Top shareholders, including Harris Associates, Silchester International Investors and Eminence Capital, had warned the board of directors ahead of this week’s meeting that they shouldn’t take action against the CEO. Instead, they urged Rohner to back Thiam or step down himself, in an unusual public display of support for the CEO.
“Tidjane has made an enormous contribution to Credit Suisse since he joined us in 2015. It is to his credit that Credit Suisse is standing on a very solid foundation and has returned successfully to profit,” Rohner said in the statement.
For Thiam, who was born in Africa and previously held top roles at Aviva and Prudential, the departure blemishes a largely successful four years at Credit Suisse, which he pivoted away from volatile trading and towards the more stable business of catering to affluent clients. While the shares lost about half their value during his tenure, he won shareholder support for stabilising the franchise by scaling back trading and bolstering wealth management.
The troubles started in September when it emerged that the bank spied on star banker Iqbal Khan after he announced he was joining crosstown rival UBS Group. The details that emerged in the wake of the scandal, including a personal falling-out between the two executives earlier that year and the suicide of a contractor, rattled business circles in Zurich, which normally enjoys a reputation for quiet professionalism.
An internal probe by the bank concluded that Thiam didn’t know about the spying, and that COO Pierre-Olivier Bouée was responsible. Bouée was fired late last year. It soon emerged that HR chief Peter Goerke was also followed, which the bank also blamed on Bouée.
The spying scandal underscores the risk of reputational damage to companies if their top executives are seen as running afoul of ethical standards
“I had no knowledge of the observation of two former colleagues,” Thiam said in the statement. “It undoubtedly disturbed Credit Suisse and caused anxiety and hurt. I regret that this happened and it should never have taken place.”
Gottstein is CEO of Credit Suisse Switzerland and has been in the banking industry for 30 years, including more than 20 at Credit Suisse. His experience includes 13 years spent in investment banking in London, as well as in private banking.
A third case, involving a former Credit Suisse employee in the US who claims she was spied on a couple of years before, was also probed and rejected by the bank. However, lawyers for Credit Suisse still looked into the matter as recently as last week, Bloomberg reported on Tuesday.
The spying scandal underscores the risk of reputational damage to companies if their top executives are seen as running afoul of ethical standards. Barclays CEO Jes Staley just survived a year-long regulatory probe into his attempts to unmask a whistle-blower, escaping with a fine in 2018. The British lender reprimanded Staley after discovering he had twice tried to identify a whistle-blower who had raised concerns about his recruitment of a former colleague.

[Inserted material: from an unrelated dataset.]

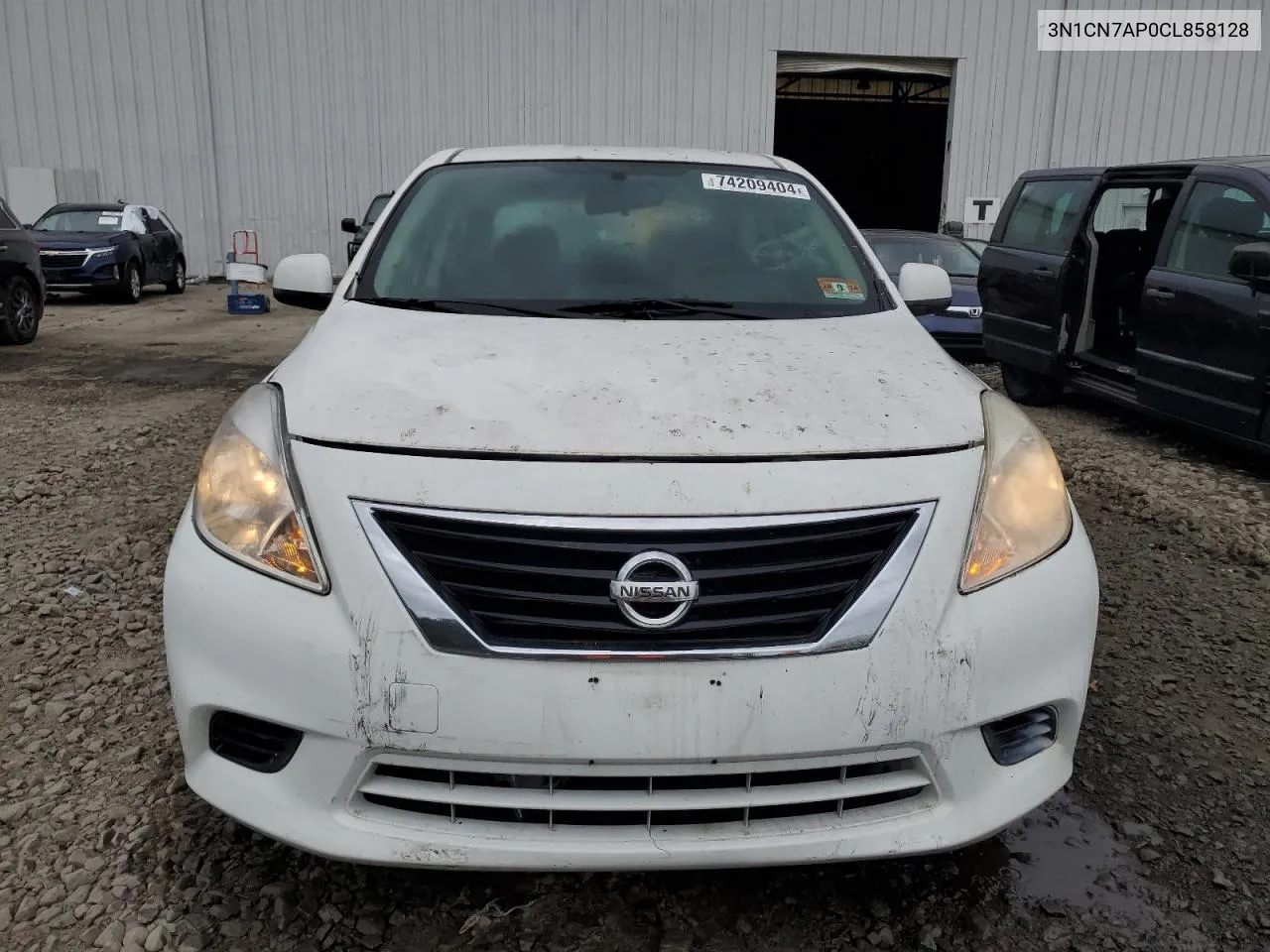 2012 Nissan Versa S VIN: 3N1CN7AP0CL858128 Lot: 74209404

Thiam took over at Credit Suisse in mid-2015 and quickly outlined a plan to slash costs, boost profitability and increase his firm’s financial strength. A former politician and insurance executive, he had no direct experience in investment banking, a business that became one of his biggest headaches at the bank. He was blindsided by losses at the credit unit in 2016, pushing him to accelerate cost cuts.
While the cost reductions were successful, the bank initially saw revenue fall under his watch, and the CEO had to tap investors for fresh capital to finance his turnaround plan. The measures started to pay off last year as earnings bucked the gloom facing other European banks and wealthy clients added new money, but by December, Thiam had to cut a profitability target and warned of a loss at the investment banking and capital markets business.
Born in Ivory Coast, raised in Morocco and educated in France at the elite École Polytechnique, the francophone Thiam has spent a lifetime defying the odds. By his mid-20s, he was working in Paris for McKinsey, the high temple of consulting. By his mid-30s, he was back in Ivory Coast — and under house arrest following a military coup. By his late-40s, he was in Britain, as the first black executive of a FTSE-100 company.